The story, as every five year old knows, involves a curmudgeonly green thingumybob who attempts to cancel Christmas by stealing every gift in town, only to learn that you can't put a price tag on the true Christmas spirit. To learn this lesson from the $6 million show will cost you up to $250 (€169).
Frankly, it's hard to know what other ruling the judge could have made.Anyone who finds against the Grinch may as well sentence Li'l Orphan Annie to eight more years of a hard knock life, or declare the defendant Kris Kringle insane while they're at it. Add to this the fact that the courtroom was full of wide-eyed child actors from the show, and there is a sense of calculated schmaltz about the whole thing.

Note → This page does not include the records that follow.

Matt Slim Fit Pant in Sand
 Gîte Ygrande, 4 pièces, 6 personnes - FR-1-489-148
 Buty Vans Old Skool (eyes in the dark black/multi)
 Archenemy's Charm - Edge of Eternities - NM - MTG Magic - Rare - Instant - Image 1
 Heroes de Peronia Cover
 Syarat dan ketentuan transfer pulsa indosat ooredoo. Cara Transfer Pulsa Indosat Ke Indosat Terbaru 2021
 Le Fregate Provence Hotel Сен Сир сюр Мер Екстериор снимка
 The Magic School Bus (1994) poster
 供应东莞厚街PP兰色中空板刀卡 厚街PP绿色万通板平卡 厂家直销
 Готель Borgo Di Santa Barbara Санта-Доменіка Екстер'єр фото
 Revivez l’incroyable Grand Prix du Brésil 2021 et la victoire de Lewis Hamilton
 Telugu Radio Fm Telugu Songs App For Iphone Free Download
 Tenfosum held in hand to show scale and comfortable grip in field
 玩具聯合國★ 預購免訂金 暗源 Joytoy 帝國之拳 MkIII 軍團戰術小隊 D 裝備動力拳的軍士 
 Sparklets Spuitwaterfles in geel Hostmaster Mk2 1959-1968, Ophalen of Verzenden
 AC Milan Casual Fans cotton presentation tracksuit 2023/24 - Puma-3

Actually, it's just business as usual. The striking stagehands may have closed 27 shows on Broadway at the most lucrative time of its year - and could cost Broadway $135 million in lost ticket sales - but they were all in favour of the Grinch, who it seems engineered a separate and agreeable contract with them.
Only the owner of the St James Theater on 44th Street, where it was to be performed, resisted the show and tried to wait out the strike in solidarity with the League of Producers, who are seeking to hire fewer stagehands to open a show.
The Grinch has now been open for a week, putting in a staggering 15 performances in that time. With little competition on a largely dormant Broadway, the box office has been boffo.
It's a shame no such legal recourse is available to Conor McPherson's The Seafarer, his Broadway directorial debut which never managed to open, or to Aaron Sorkin's The Farnsworth Invention, a one-time Abbey Theatre commission that is also in strike limbo.
They, too, might benefit from this courtroom pageantry. The Grinch's return, in fact, could be sneaky detente.
"The theatre is filled with imagery that moves people," said the director of Actors' Equity, who happened to attend the reopening. "This theatre being open, all these people crowding the street outside - that's the image I hope will break the logjam."
Broadway has always traded on glitz and sentiment while keeping its eye firmly on the bottom line. If The Grinch hastens negotiations and saves what remains of the season, it will be the fairytale the commercial theatre deserves: a Christmas miracle by court order.